======== The data

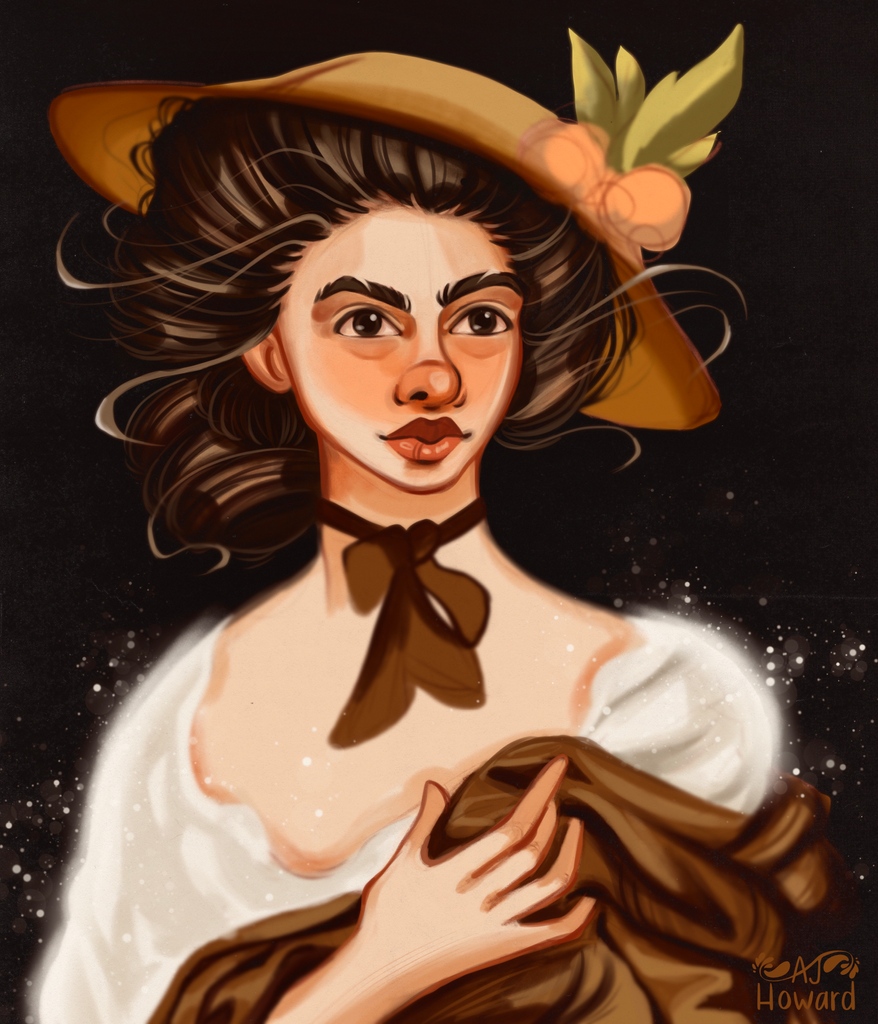 ajhowardart's tweet photo. I have seen this trend going around so here is my #artvartist2022! I am definitely leaning more into baroque style art this year and I am slowly developing my style more and more! https://t.co/ccBV9TX2AO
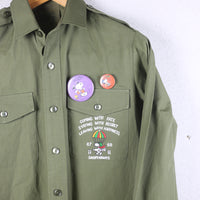 CAMICIA ARMY CON STAMPA - S/M -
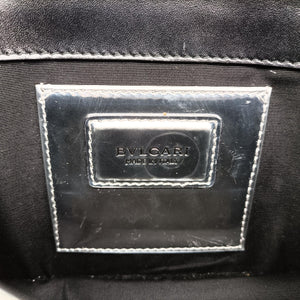 Pre-owned Bvlgari SERPENTI FOREVER Silver Patent  shoulderbag | stylenewstar
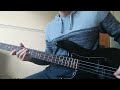 Social Distortion - Dear Lover Bass Cover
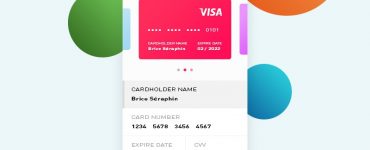 Credit Card Payment App UI PSD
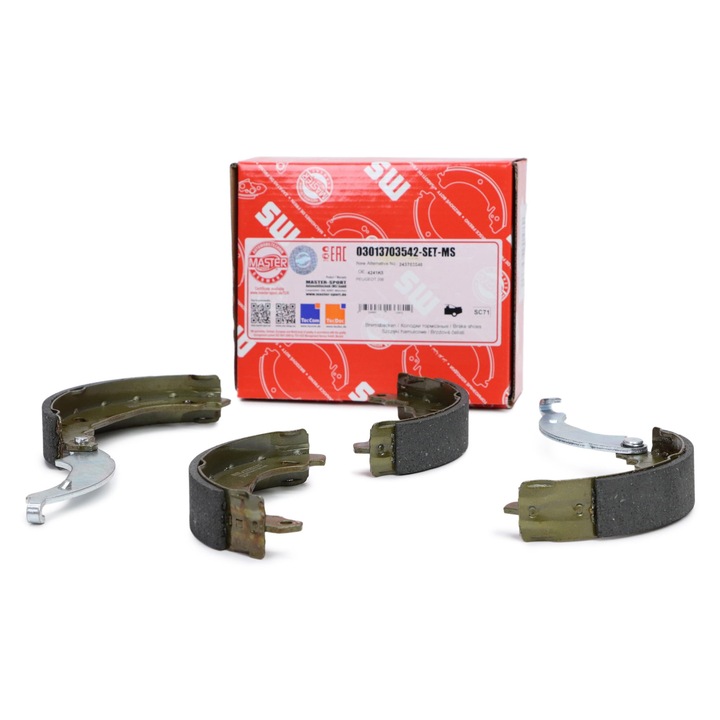 Master Sport Germany fékbetét készlet, hátsó, 32x180mm, Peugeot 206/207-hez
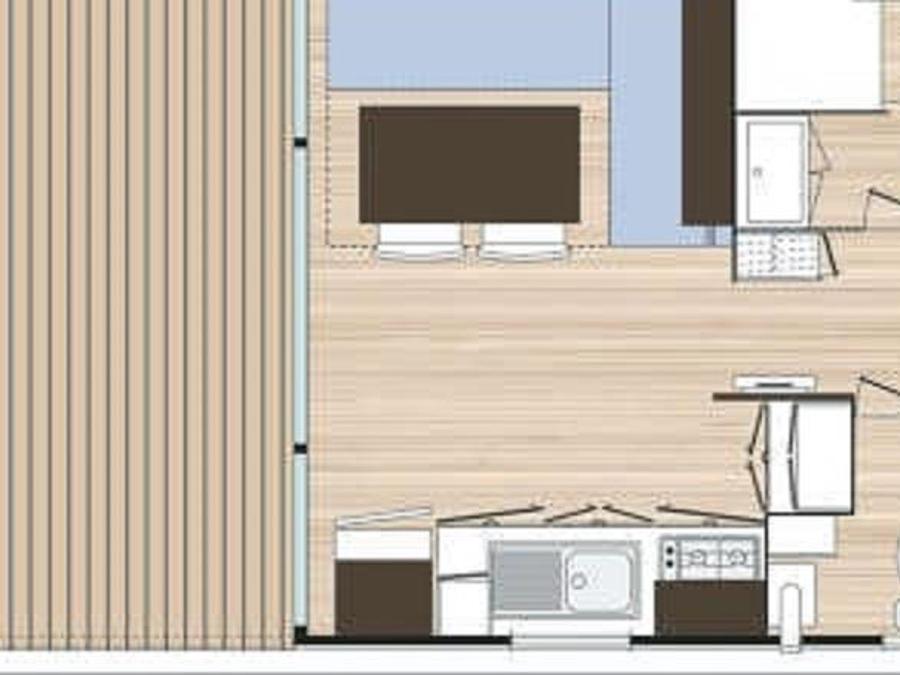 Mobilhome 4 personnes - MOBILE-HOME OHARA, VUE IMPRENABLE SUR LA PISCINE ET LA VALLEE 8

================

Task brief
An exact copy of the lines from the one with "Social Distortion - Dear Lover Bass Cover" through the end of the entries above, both included, is the whole answer. It contains no pictures.

Exercise solution
 Social Distortion - Dear Lover Bass Cover
 Credit Card Payment App UI PSD
 Master Sport Germany fékbetét készlet, hátsó, 32x180mm, Peugeot 206/207-hez
 Mobilhome 4 personnes - MOBILE-HOME OHARA, VUE IMPRENABLE SUR LA PISCINE ET LA VALLEE 8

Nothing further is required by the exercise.